Thursday, May 27, 2004

Blessed Are the Cheesemakers
If you haven't read Al Gore's speech at NYU yet, the text is here. It's quite a contrast to the bilgewater George W. Bush spewed out on Monday night--a measured, reasoned case for the utter incompetence of the Bush Administration--and as a result, unlikely to resonate beyond the already convinced, or get much notice from the bought-n-paid-for media. CNN's Judy Woodruff (how does somebody so obviously dim keep a network TV job year after year?) dismissed it yesterday as mere partisan politics sponsored by an anti-Bush group (MoveOn.org, which she didn't mention by name). As I read the transcript, I wondered again--where was this impassioned, hard-hitting Al Gore during the 2000 campaign, the recount battle, and the first year of the Bush Administration?

There's additional heavy reading at Counterpunch this morning, too, with Marc Estrin's review of David Ray Griffin's The New Pearl Harbor: Disturbing Questions About the Bush Administration and 9/11. Griffin disputes nearly every sentence of the official 9/11 storyline, and Estrin observes that the 9/11 Commission's mandate is to make sure it never happens again. Which means that the many unanswered questions about what happened on that day will never be answered at all.

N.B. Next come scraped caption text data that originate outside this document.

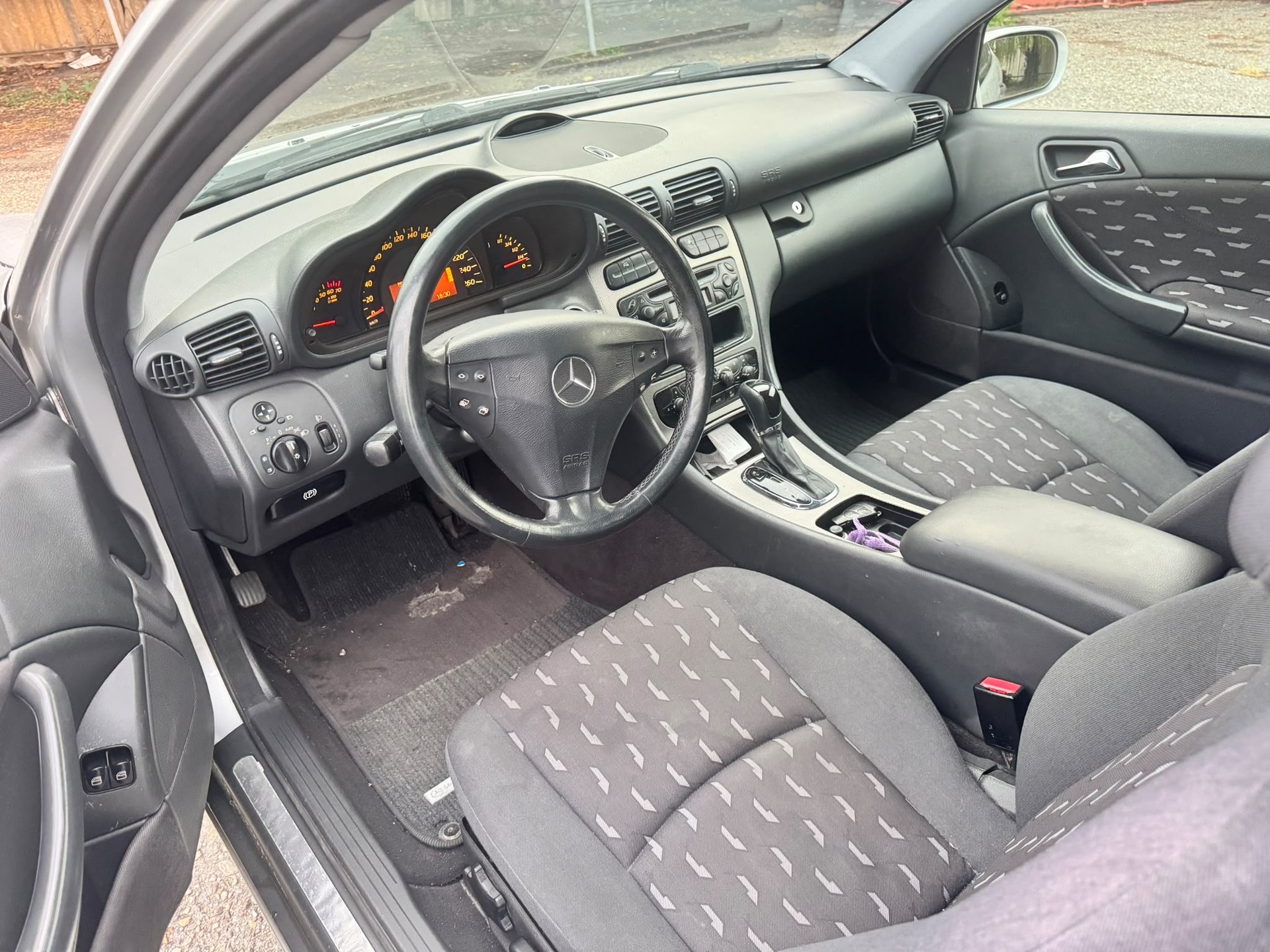MERCEDES-BENZ C 180-image-7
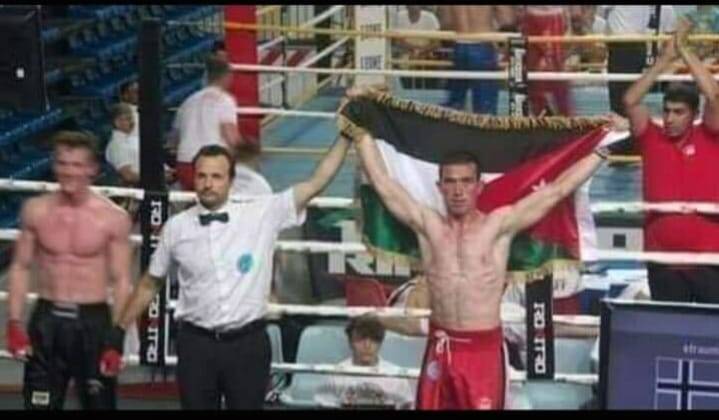 خالد ابو دلو يبارك للاعب الشطناوي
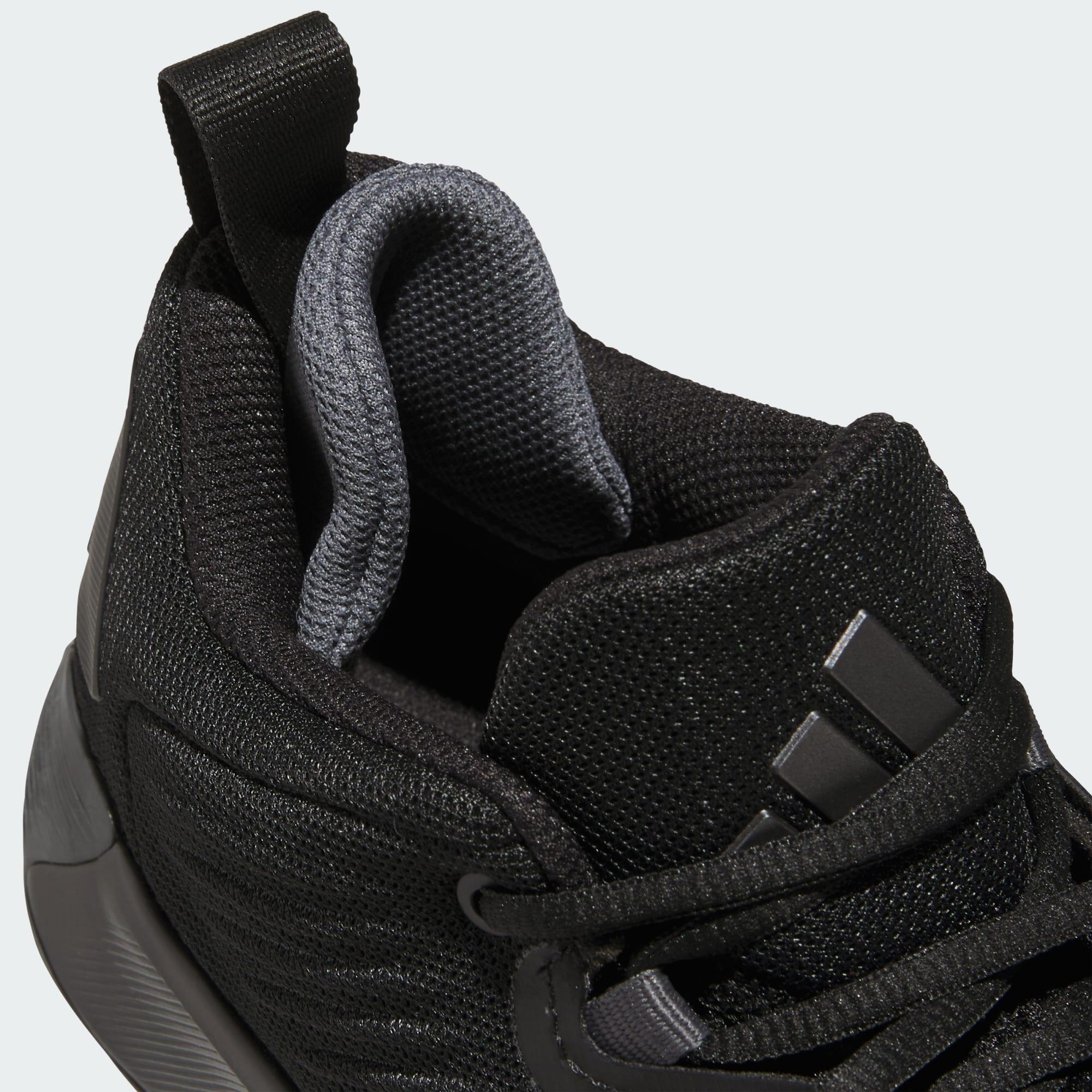 Boty Adidas Initiation 6/8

But if all that's too heavy for you, there's a piece by Kurt Vonnegut that's been whizzing around the Internet since being published at In These Times earlier this month. If, like me, you need a periodic fix of Vonnegut's self-described Hoosier shitkicker act, "Cold Turkey" will provide it. But as he's always done, Vonnegut leaves you thinking while you're laughing. He wonders why conservatives who claim to love Jesus so much want the Ten Commandments posted everywhere and not actual words of Jesus, like the Beatitudes. (Could it be that the Beatitudes are all about compassion and connection and not enough about obeying and smiting?) And in two sentences, he condemns us for our failure to feel the often-painful reality of the world in which we live: "One of the few good things about modern times: If you die horribly on television, you will not have died in vain. You will have entertained us."

Lighter still, Eric Idle is the last of the Monty Python troupe still making a living primarily at comedy. He whipped up a little song recently while duck-hunting with a judge, a tribute to the FCC, and he says, "if they broadcast it, it will cost a quarter of a million dollars." You can download the MP3 here. It's definitely not safe to listen to at the office.